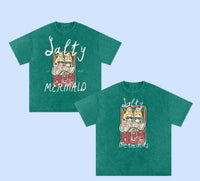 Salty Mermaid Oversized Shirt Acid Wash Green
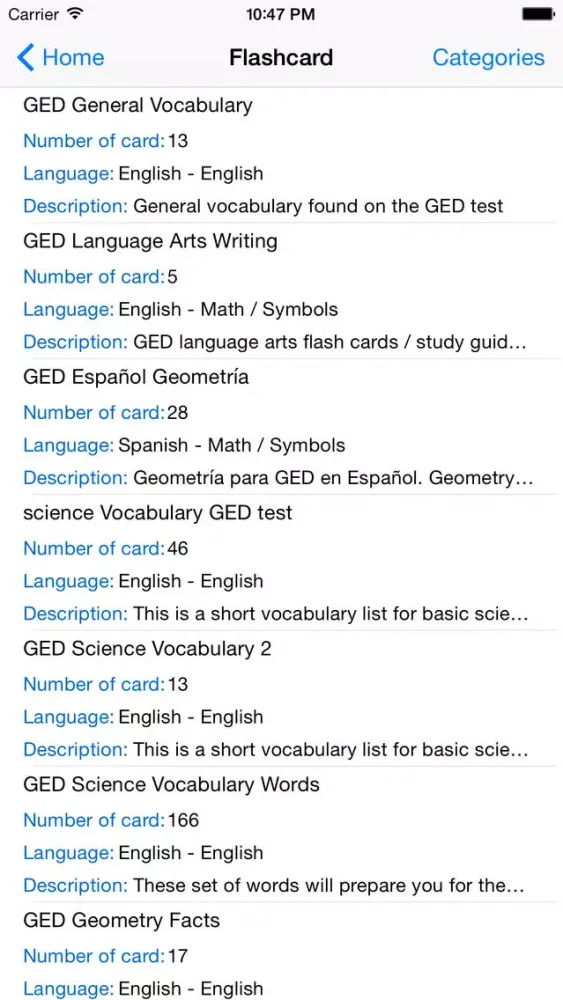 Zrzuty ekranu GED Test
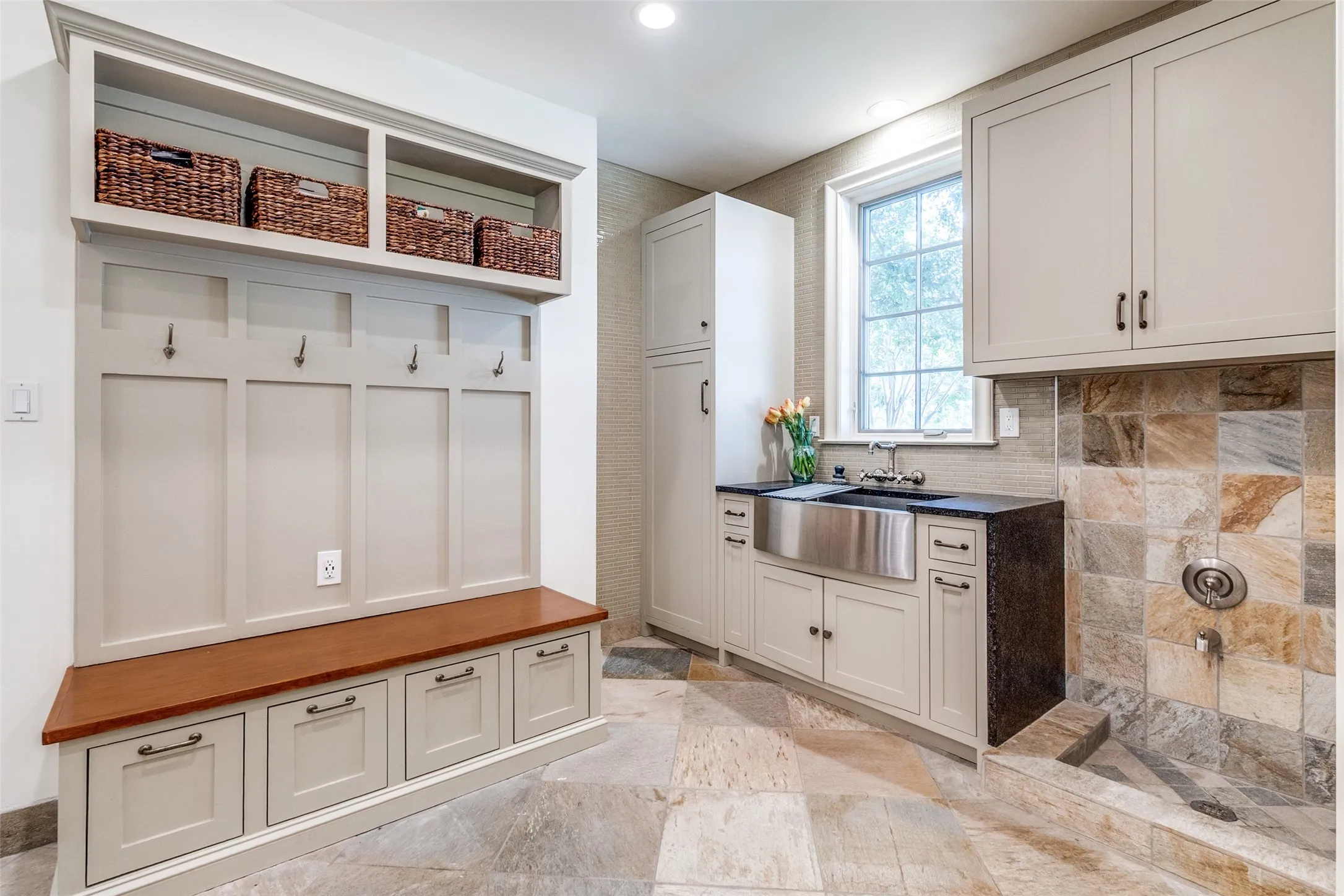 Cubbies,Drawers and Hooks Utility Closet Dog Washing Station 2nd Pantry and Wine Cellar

■ Aim of the task
Each line from the one containing "Zrzuty ekranu GED Test" to the final line of the data must be printed exactly, both included, with nothing else and no pictures.

■ Result of this exercise
 Zrzuty ekranu GED Test
 Cubbies,Drawers and Hooks Utility Closet Dog Washing Station 2nd Pantry and Wine Cellar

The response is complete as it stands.